▶ **Problem details**
Your answer must consist of exactly the lines below, starting with the line with "MyHome (tema claro)" and going on through the line with "Mavis MST-200VVS エレキギター - メルカリ", and nothing else.

▶ **Entries taken from a collection**
----------
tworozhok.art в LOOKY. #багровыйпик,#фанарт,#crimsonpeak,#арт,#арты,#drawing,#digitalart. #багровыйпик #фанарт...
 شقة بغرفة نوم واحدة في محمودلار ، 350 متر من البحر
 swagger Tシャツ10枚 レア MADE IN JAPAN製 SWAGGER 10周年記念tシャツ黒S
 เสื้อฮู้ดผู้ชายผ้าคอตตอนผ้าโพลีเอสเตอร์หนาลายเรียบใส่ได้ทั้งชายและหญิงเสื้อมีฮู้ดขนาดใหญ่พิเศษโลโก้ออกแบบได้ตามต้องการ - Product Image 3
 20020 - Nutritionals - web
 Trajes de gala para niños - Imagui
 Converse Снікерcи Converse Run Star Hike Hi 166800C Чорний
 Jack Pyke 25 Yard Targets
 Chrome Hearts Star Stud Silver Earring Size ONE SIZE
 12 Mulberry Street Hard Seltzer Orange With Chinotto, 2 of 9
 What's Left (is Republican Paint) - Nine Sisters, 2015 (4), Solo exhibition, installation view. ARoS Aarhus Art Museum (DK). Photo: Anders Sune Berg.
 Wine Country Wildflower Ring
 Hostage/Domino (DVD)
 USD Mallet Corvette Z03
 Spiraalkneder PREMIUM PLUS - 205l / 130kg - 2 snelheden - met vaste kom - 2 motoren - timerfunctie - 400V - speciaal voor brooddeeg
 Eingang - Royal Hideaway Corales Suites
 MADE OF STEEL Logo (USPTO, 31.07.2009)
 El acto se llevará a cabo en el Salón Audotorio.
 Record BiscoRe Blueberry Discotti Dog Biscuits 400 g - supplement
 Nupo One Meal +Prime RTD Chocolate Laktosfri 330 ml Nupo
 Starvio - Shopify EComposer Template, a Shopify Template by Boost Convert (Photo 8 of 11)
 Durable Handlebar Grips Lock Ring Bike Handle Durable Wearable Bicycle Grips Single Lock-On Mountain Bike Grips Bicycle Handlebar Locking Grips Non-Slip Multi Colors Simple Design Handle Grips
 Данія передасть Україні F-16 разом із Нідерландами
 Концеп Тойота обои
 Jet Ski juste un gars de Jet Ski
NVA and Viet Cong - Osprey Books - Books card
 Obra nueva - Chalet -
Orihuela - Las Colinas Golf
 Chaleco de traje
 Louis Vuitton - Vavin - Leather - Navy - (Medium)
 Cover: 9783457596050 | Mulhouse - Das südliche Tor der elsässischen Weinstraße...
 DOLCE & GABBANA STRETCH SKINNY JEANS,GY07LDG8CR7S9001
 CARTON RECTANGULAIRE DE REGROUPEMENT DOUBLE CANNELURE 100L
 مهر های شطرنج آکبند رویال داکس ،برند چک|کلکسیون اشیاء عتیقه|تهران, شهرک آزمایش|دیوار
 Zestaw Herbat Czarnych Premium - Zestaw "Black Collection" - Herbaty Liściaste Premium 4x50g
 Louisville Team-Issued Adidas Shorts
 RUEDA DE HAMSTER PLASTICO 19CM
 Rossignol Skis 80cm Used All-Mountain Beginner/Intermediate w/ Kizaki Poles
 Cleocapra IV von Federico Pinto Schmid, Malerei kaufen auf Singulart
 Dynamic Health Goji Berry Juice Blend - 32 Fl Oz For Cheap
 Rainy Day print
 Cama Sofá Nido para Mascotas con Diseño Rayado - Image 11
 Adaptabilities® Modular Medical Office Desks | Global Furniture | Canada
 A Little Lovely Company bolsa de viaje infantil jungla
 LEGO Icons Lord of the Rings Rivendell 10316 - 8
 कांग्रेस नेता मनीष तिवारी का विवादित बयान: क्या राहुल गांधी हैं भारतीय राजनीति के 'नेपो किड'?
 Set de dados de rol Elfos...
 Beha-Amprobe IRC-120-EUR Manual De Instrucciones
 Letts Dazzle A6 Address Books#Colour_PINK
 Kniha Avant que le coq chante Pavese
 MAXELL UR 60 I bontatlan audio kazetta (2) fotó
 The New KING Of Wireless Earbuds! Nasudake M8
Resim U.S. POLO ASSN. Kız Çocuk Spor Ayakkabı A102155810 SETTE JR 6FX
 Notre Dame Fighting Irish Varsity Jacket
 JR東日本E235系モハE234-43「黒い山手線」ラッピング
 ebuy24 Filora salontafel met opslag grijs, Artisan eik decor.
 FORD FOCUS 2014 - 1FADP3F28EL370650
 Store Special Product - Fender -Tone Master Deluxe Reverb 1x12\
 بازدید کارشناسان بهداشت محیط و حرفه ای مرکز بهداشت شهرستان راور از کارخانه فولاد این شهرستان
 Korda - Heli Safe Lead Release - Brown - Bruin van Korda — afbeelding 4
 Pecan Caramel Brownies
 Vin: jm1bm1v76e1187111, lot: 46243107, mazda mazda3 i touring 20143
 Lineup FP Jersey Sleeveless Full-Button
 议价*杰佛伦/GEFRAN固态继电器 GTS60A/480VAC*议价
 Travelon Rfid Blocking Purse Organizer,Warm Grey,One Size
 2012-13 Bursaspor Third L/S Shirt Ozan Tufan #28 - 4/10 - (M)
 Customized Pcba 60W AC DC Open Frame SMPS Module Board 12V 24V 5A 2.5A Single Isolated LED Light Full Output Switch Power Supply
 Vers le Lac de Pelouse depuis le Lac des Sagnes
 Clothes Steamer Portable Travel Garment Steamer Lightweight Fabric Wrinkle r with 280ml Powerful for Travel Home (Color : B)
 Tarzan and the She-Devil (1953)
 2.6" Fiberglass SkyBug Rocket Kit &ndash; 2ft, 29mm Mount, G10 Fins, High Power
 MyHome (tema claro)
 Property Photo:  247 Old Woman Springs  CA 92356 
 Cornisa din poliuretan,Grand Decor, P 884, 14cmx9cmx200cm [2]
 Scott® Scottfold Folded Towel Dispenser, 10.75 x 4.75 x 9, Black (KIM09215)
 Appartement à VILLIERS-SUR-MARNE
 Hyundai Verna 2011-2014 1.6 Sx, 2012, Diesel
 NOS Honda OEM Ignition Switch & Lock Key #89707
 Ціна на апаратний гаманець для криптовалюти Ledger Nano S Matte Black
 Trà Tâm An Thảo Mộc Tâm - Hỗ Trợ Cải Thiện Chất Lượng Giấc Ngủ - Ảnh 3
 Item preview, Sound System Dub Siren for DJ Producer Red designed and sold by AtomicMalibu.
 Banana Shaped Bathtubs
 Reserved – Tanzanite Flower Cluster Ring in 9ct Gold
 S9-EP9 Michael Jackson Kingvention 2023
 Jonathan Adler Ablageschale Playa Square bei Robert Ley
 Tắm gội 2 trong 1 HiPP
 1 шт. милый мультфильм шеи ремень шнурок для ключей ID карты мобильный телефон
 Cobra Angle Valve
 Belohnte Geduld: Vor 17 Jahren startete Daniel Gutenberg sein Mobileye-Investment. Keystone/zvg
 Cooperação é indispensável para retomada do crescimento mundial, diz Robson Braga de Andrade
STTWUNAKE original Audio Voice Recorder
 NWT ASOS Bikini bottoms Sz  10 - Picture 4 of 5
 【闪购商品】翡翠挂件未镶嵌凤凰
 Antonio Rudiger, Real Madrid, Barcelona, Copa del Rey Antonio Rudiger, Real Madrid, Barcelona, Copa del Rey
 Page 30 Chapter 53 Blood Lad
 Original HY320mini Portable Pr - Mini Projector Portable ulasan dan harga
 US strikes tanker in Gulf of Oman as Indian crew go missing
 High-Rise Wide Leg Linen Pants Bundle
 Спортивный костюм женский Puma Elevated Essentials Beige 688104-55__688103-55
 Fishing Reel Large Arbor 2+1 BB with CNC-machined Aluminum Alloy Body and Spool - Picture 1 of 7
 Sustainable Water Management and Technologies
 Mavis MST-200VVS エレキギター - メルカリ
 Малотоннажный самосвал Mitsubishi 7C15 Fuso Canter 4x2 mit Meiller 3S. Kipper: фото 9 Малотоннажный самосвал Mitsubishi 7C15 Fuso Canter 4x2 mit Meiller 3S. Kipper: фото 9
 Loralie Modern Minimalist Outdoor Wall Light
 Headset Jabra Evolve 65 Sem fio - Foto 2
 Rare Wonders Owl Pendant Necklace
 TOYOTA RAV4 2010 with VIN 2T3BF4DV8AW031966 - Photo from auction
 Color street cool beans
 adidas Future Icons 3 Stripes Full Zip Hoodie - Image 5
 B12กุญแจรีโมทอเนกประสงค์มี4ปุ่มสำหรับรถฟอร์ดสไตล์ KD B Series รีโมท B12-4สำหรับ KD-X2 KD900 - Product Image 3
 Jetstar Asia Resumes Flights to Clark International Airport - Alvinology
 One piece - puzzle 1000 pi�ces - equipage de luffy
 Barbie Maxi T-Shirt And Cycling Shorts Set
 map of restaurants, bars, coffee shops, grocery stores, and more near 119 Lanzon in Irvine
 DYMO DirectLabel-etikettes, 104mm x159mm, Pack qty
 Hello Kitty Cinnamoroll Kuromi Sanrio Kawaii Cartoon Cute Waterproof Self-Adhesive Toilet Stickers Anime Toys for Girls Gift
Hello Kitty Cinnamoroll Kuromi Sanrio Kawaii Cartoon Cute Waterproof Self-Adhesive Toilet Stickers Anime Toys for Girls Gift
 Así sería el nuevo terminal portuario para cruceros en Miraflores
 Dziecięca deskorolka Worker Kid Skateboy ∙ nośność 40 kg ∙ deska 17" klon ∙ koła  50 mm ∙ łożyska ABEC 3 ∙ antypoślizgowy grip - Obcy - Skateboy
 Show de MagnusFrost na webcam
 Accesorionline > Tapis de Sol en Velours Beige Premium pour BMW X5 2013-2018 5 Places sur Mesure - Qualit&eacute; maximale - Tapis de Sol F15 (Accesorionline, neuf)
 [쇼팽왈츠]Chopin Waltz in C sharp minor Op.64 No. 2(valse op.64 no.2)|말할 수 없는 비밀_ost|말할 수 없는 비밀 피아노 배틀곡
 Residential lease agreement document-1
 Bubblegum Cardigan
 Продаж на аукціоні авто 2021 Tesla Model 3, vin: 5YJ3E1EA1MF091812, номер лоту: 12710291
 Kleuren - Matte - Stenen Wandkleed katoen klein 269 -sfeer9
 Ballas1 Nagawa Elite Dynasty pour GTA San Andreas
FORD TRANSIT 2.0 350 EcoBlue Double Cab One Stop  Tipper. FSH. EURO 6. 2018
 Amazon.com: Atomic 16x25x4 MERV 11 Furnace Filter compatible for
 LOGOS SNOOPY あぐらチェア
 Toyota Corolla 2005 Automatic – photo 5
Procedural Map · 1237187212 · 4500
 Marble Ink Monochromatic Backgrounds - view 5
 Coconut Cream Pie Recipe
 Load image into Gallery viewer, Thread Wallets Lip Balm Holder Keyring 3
----------
▶ **Result of the task**
 MyHome (tema claro)
 Property Photo:  247 Old Woman Springs  CA 92356 
 Cornisa din poliuretan,Grand Decor, P 884, 14cmx9cmx200cm [2]
 Scott® Scottfold Folded Towel Dispenser, 10.75 x 4.75 x 9, Black (KIM09215)
 Appartement à VILLIERS-SUR-MARNE
 Hyundai Verna 2011-2014 1.6 Sx, 2012, Diesel
 NOS Honda OEM Ignition Switch & Lock Key #89707
 Ціна на апаратний гаманець для криптовалюти Ledger Nano S Matte Black
 Trà Tâm An Thảo Mộc Tâm - Hỗ Trợ Cải Thiện Chất Lượng Giấc Ngủ - Ảnh 3
 Item preview, Sound System Dub Siren for DJ Producer Red designed and sold by AtomicMalibu.
 Banana Shaped Bathtubs
 Reserved – Tanzanite Flower Cluster Ring in 9ct Gold
 S9-EP9 Michael Jackson Kingvention 2023
 Jonathan Adler Ablageschale Playa Square bei Robert Ley
 Tắm gội 2 trong 1 HiPP
 1 шт. милый мультфильм шеи ремень шнурок для ключей ID карты мобильный телефон
 Cobra Angle Valve
 Belohnte Geduld: Vor 17 Jahren startete Daniel Gutenberg sein Mobileye-Investment. Keystone/zvg
 Cooperação é indispensável para retomada do crescimento mundial, diz Robson Braga de Andrade
STTWUNAKE original Audio Voice Recorder
 NWT ASOS Bikini bottoms Sz  10 - Picture 4 of 5
 【闪购商品】翡翠挂件未镶嵌凤凰
 Antonio Rudiger, Real Madrid, Barcelona, Copa del Rey Antonio Rudiger, Real Madrid, Barcelona, Copa del Rey
 Page 30 Chapter 53 Blood Lad
 Original HY320mini Portable Pr - Mini Projector Portable ulasan dan harga
 US strikes tanker in Gulf of Oman as Indian crew go missing
 High-Rise Wide Leg Linen Pants Bundle
 Спортивный костюм женский Puma Elevated Essentials Beige 688104-55__688103-55
 Fishing Reel Large Arbor 2+1 BB with CNC-machined Aluminum Alloy Body and Spool - Picture 1 of 7
 Sustainable Water Management and Technologies
 Mavis MST-200VVS エレキギター - メルカリ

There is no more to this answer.